▶ _PROBLEM TO WORK ON_
Scan the records below for the line with "قلیان نقره قدیمی|کلکسیون" and the line with "Aqua Chalcedony Gemstone", and retype that range exactly, both ends included, pictures excepted.

** Opening PROVIDED DATA block **

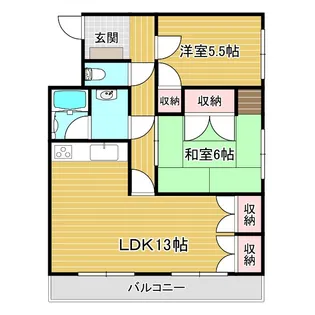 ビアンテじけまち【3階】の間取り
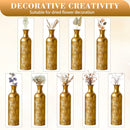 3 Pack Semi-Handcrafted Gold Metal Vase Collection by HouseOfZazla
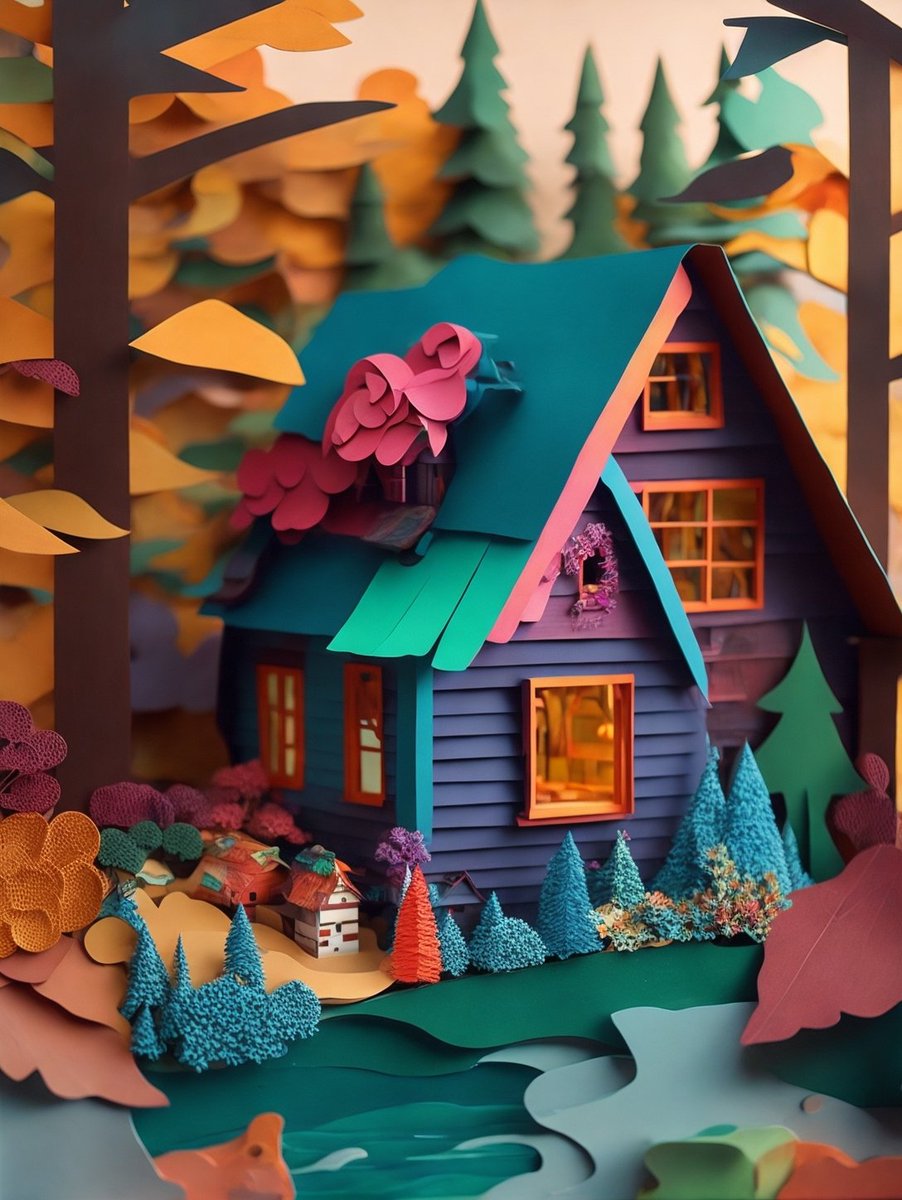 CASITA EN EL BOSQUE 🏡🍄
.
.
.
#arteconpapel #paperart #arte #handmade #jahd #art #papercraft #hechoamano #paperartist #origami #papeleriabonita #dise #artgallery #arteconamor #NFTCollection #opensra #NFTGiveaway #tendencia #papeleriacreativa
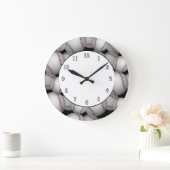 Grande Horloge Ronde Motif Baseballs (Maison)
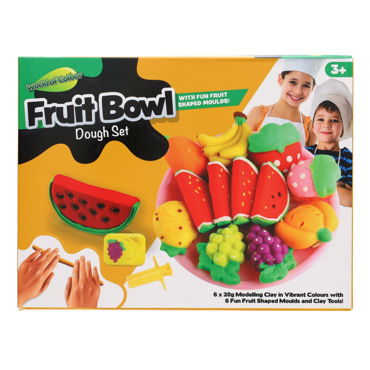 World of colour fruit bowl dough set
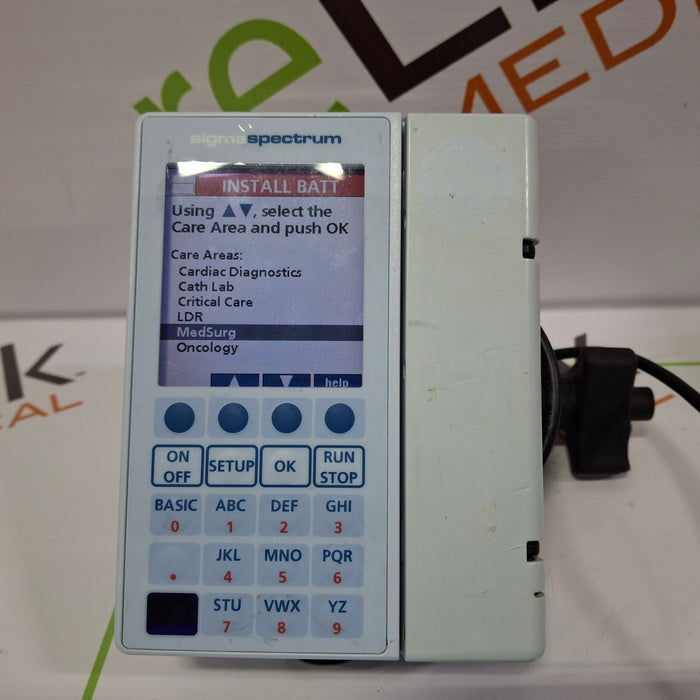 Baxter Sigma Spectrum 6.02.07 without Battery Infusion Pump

** Closing PROVIDED DATA block **
** Opening PROVIDED DATA block **

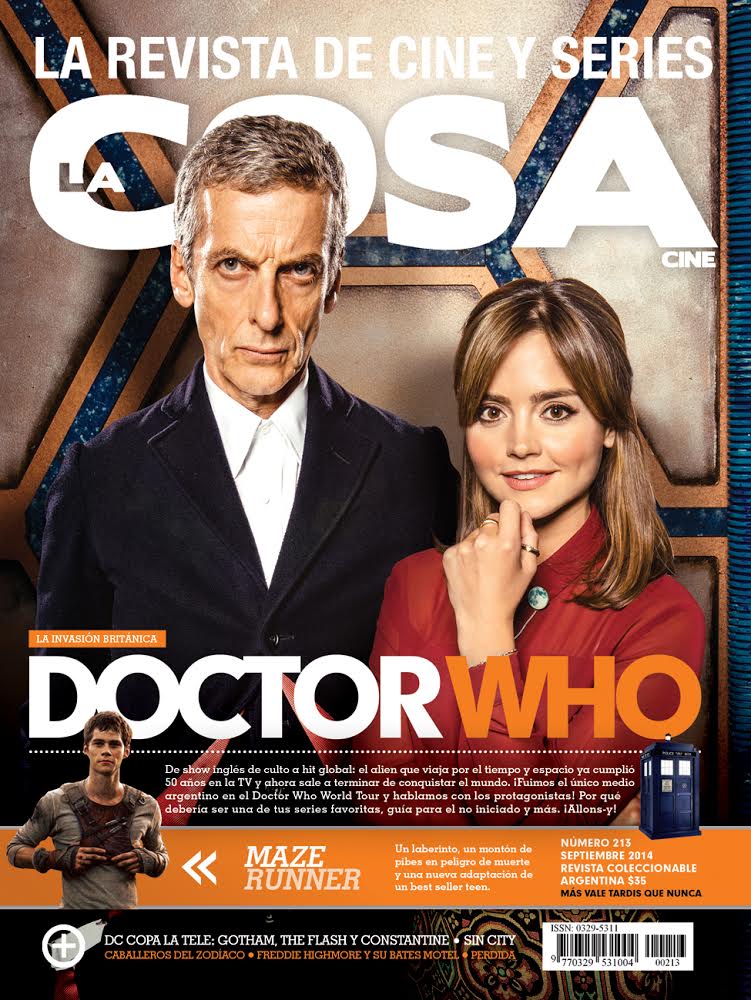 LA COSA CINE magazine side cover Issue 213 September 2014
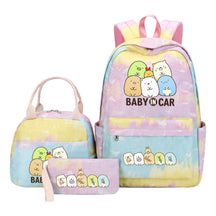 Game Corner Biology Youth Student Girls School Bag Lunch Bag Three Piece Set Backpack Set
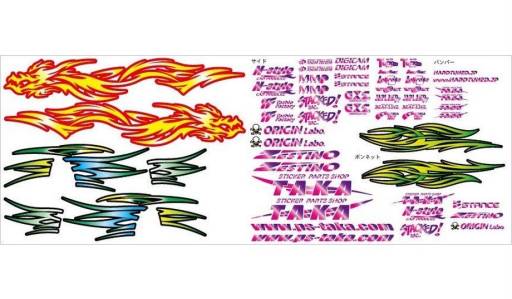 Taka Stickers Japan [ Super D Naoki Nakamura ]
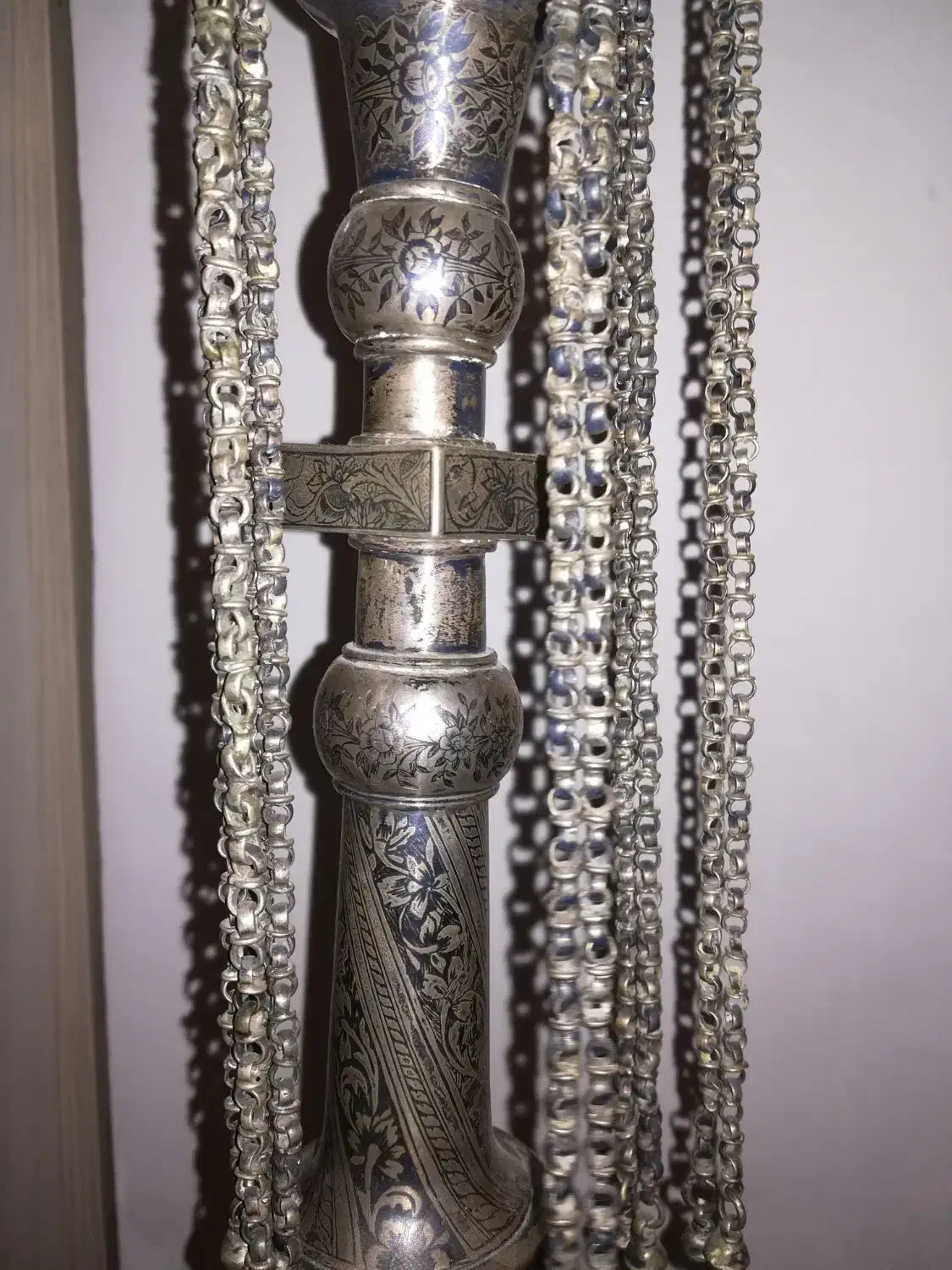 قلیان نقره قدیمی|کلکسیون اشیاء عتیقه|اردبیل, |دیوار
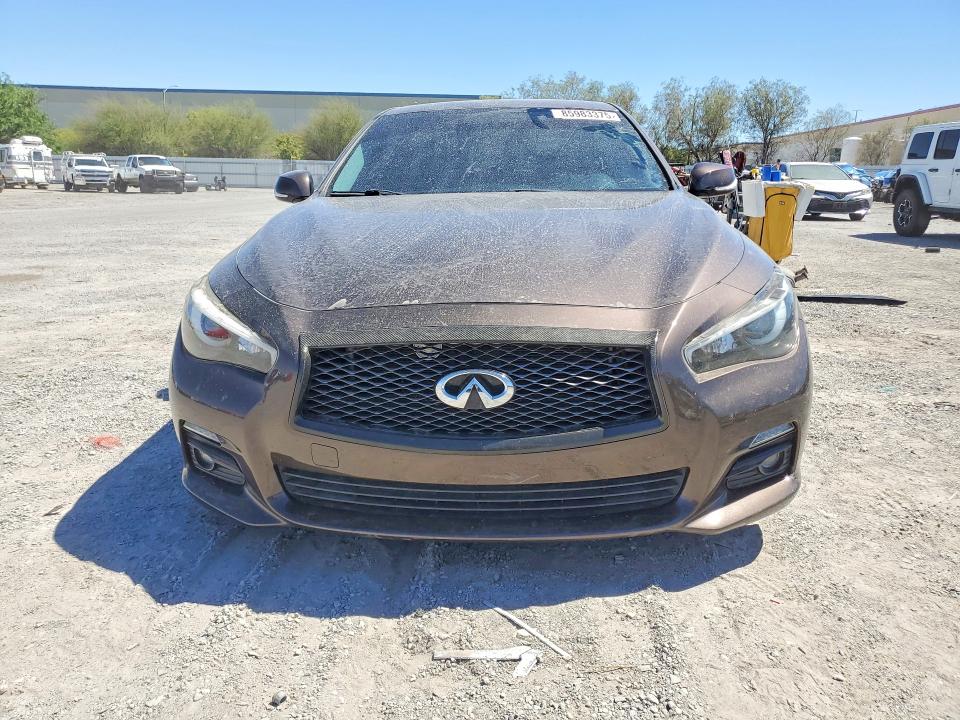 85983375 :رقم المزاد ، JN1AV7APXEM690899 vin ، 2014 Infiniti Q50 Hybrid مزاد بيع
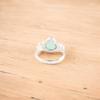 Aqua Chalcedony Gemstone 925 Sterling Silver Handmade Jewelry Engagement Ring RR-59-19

** Closing PROVIDED DATA block **
** Opening PROVIDED DATA block **

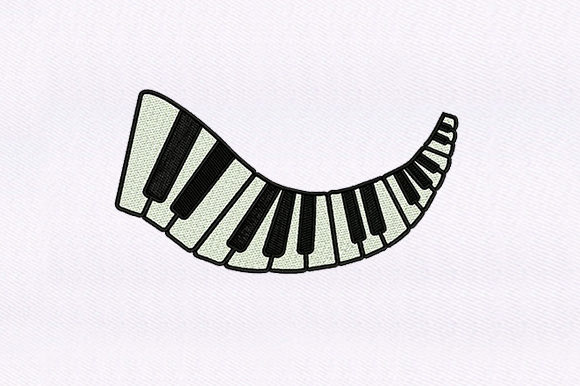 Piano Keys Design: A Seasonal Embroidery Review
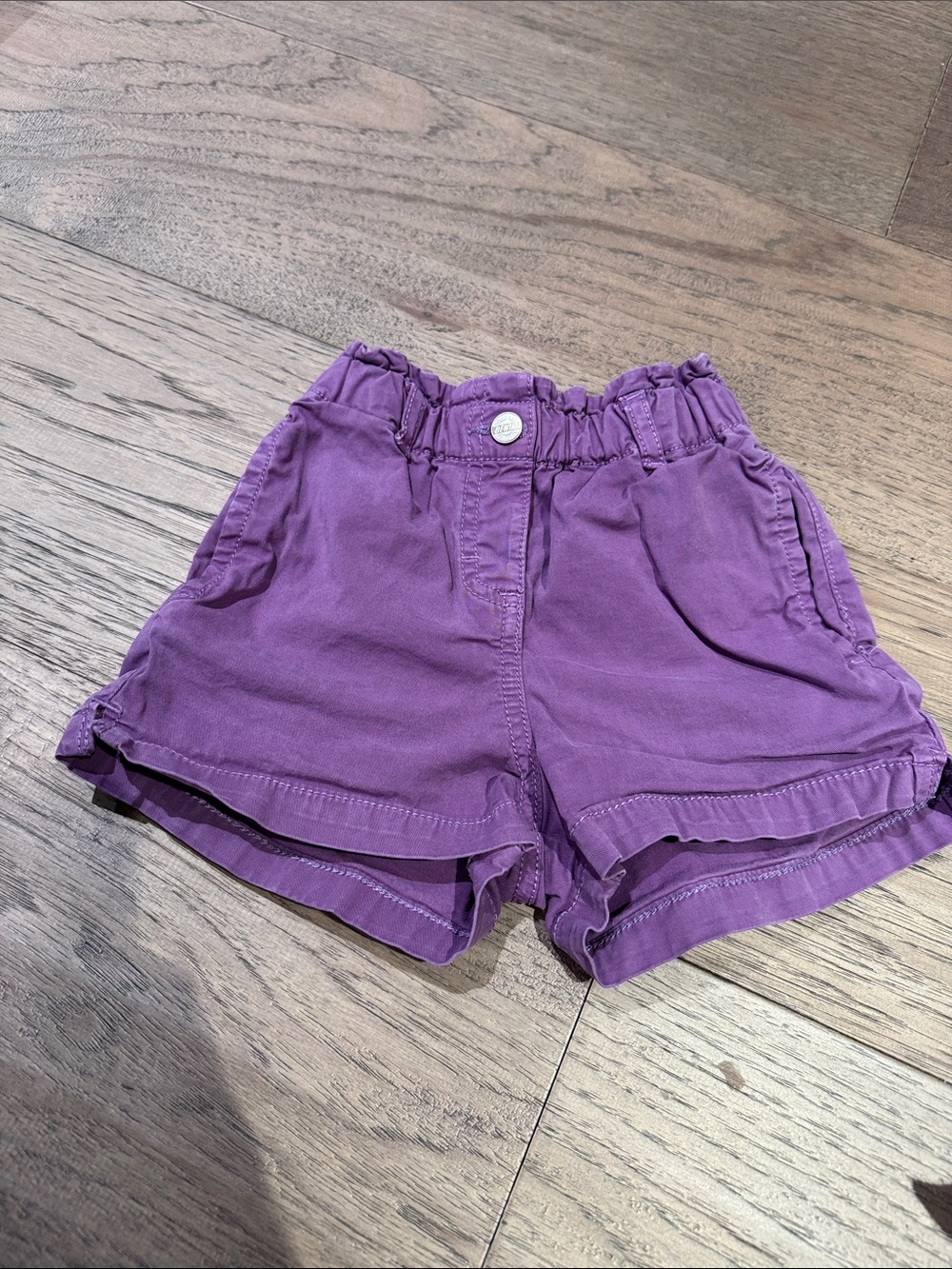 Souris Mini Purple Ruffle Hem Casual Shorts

** Closing PROVIDED DATA block **

▶ _EXPECTED OUTPUT_
 قلیان نقره قدیمی|کلکسیون اشیاء عتیقه|اردبیل, |دیوار
 85983375 :رقم المزاد ، JN1AV7APXEM690899 vin ، 2014 Infiniti Q50 Hybrid مزاد بيع
 Aqua Chalcedony Gemstone 925 Sterling Silver Handmade Jewelry Engagement Ring RR-59-19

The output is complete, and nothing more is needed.